I've been writing for Sports Injury Bulletin since it started back in 2000 and I was recently asked what is the biggest frustration still in your professional area of practice.
I have two frustrations when it comes to injury rehab (in fact I think they probably spill over into the world of S&C) which are linked.
1. 'Paralysis by analysis'.
We have become obsessed with having evidence based practice and scientific research to support our training and rehabilitation strategies.
2. We are often trying to be too clever.
I'm frustrated when I read endless reviews and research articles explaining in great detail risk factors that we can't really control. Whilst research is incredibly important I do feel that we are sometimes in danger of overanalysing everything, and ultimately miss what is obvious.
We are obsessed with having to find an answer for everything and often can't come up with practical fixes based on hunches and experience.
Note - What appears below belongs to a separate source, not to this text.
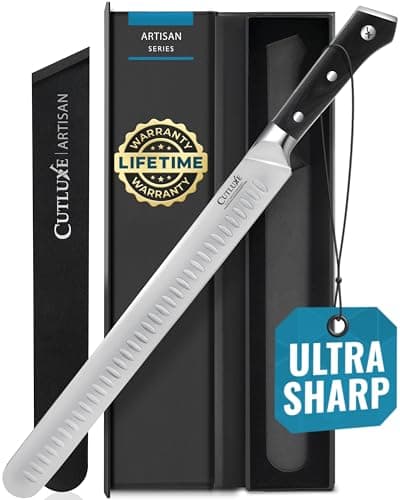 Cutluxe Slicing Carving Knife – 12" Brisket Knife, Meat Cutting and BBQ Knife – Razor Sharp German Steel, Sheath Included, Full Tang, Ergonomic Handle Design – Artisan Series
Let's look at one of the researchers favourites, the ACL. Whilst a significant amount of research has clearly gone into establishing the intrinsic and extrinsic risk factors associated with and contributing to ACL injuries I'm left wondering whether we can't see the wood for the trees. As a coach working with athletes it's unlikely that you are going to able to control all of the intrinsic and extrinsic factors (joint laxity, valgus collapse, pre- and post-landing activation patterns etc.) that are outlined in numerous studies. Forget thinking about this a male/female issue or worrying about intrinsic/extrinsic risk factors. ACL's blow because fundamentally the musculoskeletal system can't cope with the demands being placed upon it. Maybe we should control the controllables and work on developing gross athleticism. It's just a hunch!
When we speak to coaches and physiotherapists working on a daily basis with clients they can't always articulate why they performed a certain intervention. Alarm bells sound in our scientific minds. If they can't explain why, then how do they know it is working. It's simply not enough for them to refer to instinct or gut feel!
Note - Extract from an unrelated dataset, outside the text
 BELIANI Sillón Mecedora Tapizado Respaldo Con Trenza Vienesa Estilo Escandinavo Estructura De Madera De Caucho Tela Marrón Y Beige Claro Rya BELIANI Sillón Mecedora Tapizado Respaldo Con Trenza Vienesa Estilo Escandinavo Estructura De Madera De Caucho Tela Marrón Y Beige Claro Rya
In the book, Blink, Malcolm Gladwell points out that
"Our world requires that decisions be sourced and footnoted, and if we say how we feel, we must also be prepared to elaborate on why we feel that way."
It is a lot easier to listen to the scientists, after all, as Malcolm Gladwell points out
"...because the scientists could provide pages and pages of documentation supporting their conclusions."
What I've learnt during my career is that what we do is not an exact science. Yes we should always strive to understand why we are training in a certain way but we must also acknowledge the 'art' of what we do. Sometimes we just have a hunch, an instinct, a gut feel that what we are doing or seeing is the way to go.
"We need to respect the fact that it is possible to know without knowing why we know and accept - that - sometimes we're better off that way."